Projective Fraïssé limits of trees
Włodzimierz J. Charatonik, Robert P Roe
Abstract
The following paper has been withdrawn from consideration for publication because there are mistakes. In particular, Theorem 3.9 does not hold. Examples were found of finite trees with monotone epimorphisms which do not amalgamate. Further, finite rooted trees with monotone epimorphisms do not amalgamate. A revision, with additional co-authors A. Kwiatkowska and S. Yang, is posted on arXiv ({\it Projective Fraïssé limits of trees with confluent epimorphisms} 2312.16915).
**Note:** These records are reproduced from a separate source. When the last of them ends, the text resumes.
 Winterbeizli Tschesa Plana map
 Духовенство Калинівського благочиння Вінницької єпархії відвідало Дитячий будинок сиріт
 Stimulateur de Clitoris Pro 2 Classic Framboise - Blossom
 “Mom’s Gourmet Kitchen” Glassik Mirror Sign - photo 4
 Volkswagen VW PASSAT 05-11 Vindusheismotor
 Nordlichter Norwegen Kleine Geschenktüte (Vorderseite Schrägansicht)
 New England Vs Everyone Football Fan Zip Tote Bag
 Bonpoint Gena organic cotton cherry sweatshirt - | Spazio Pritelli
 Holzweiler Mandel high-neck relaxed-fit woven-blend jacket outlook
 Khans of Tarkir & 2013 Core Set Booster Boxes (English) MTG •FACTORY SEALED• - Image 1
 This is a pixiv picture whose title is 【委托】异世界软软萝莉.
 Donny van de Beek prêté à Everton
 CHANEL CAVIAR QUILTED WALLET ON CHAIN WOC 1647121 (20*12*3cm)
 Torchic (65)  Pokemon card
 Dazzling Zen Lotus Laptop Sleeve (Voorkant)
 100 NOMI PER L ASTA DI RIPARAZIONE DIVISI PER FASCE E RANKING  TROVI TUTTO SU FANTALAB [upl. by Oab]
In that article, it is shown that the family of finite trees having ramification vertices of order at most 3 with monotone epimorphisms does form a projective Fraïssé family and the topological realization of its Fraïssé limit is the Wa\. zewski dendrite $D_3$. Further, two families of finite rooted trees with restrictions on what confluent epimorphisms are allowed are also shown to form projective Fraïssé families. The topological realization of the Fraïssé limit of one of these families is shown to be the Mohler-Nikiel universal dendroid. We continue study of projective Fraïssé limit developed by Irvin, Panagiotopoulos and Solecki. We modify the ideas of monotone, confluent, and light mappings from continuum theory as well as several properties of continua so as to apply to topological graphs. As the topological realizations of the projective Fraïssé limits we obtain the dendrite $D_3$ as well as quite new, interesting continua for which we do not yet have topological characterizations.